If the security camera caught some basic details (or signals) about the car, you’ll be able to narrow your search considerably:

  • Color (red)
  • Manufacturer (Ford)
  • Type of car (truck)
  • Model name (F-150)
  • Brand of tires (stock Goodyears)
  • Age/year (2015-2021)

With these signals, you may be able to uniquely identify the vehicle right away, especially if any of the specifics are particularly rare. However, in a city with millions of drivers, there may be hundreds of red Ford F-150 trucks with standard-issue tires. The more standard the combination of signals, the harder it is to get a unique match.

In those cases, you hope that your camera may have gotten lucky and matched on a more unique signal about the vehicle:

  • Wood panelling
  • Custom decal or logo
  • Body damage/rust patterns
  • Interior decorations

One of these signals may quickly narrow down your search. A red Ford F-150 truck with a local company’s logo could very well be unique, even in a large city.

There is, of course, the most uniquely identifiable element of a car - the license plate. License plates serve the express purpose of uniquely identifying a car, but they aren’t useful if the vehicle owner removes their plates or swaps them with fakes. It’s important to have a backup for when this method of identification fails.

By assembling a broad and comprehensive set of identifiers you can narrow the list of possible drivers to make singling out one individual much easier.

Identifying a Visitor

Fingerprinting works almost exactly the same as the example above. Now, you are trying to identify a visitor to a web or mobile application (the person) by capturing signals passed via the visitor’s browser or device (the car) captured through a fingerprinting function (the security camera).
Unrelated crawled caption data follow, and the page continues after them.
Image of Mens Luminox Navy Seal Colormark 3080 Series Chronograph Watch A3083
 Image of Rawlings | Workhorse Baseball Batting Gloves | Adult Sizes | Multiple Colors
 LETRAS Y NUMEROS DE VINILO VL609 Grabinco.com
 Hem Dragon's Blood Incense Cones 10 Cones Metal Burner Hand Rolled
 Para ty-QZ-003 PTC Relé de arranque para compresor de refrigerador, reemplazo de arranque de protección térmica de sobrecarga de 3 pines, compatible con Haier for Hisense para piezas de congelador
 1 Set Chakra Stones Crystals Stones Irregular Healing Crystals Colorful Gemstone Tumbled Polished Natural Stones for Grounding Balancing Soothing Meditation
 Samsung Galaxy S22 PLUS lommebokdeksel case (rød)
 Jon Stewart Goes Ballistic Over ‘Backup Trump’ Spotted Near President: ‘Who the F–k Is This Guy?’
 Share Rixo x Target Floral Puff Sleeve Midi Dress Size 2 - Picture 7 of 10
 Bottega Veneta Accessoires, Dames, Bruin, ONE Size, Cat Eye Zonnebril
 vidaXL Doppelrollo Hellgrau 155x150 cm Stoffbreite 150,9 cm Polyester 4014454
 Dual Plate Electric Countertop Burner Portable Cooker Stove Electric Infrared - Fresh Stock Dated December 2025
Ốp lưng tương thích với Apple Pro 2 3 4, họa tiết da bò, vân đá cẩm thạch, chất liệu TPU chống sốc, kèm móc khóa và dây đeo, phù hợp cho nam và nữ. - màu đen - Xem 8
A lot of signals can be captured by the browser, including:

  • User agent details (browsers installed and their versions, operating system)
  • Hardware details (screen resolution, battery usage, device memory)
  • Browser plugins used
  • Browser and OS settings
  • WebGL parameters

When a visitor lands on a webpage, the fingerprinting function collects signals and compiles them into a hash that can be stored. Any time this visitor returns to the website, their fingerprint can be compared to past visit history.

Accuracy

For a fingerprint to be useful as a method of identifying visitors, it needs to have a high accuracy. Our FingerprintJS Pro tool has a 99.5% accuracy rate, which means for every 1,000 visits, 995 are correctly associated with a unique identifier.

For the 5 out of 1,000 that are not correctly identified, they can be described as either false positives or false negatives:

  • False positive: multiple unique visitors are given the same fingerprint
  • False negative: one visitor over multiple visits are given different fingerprints

To reduce false positives and false negatives, your fingerprint should combine not only many signals, but the right combination of signals that balance both uniqueness and stability. If a signal is highly unique, it will reduce your chances of a false negative, whereas stable signals will reduce your chances of a false positive.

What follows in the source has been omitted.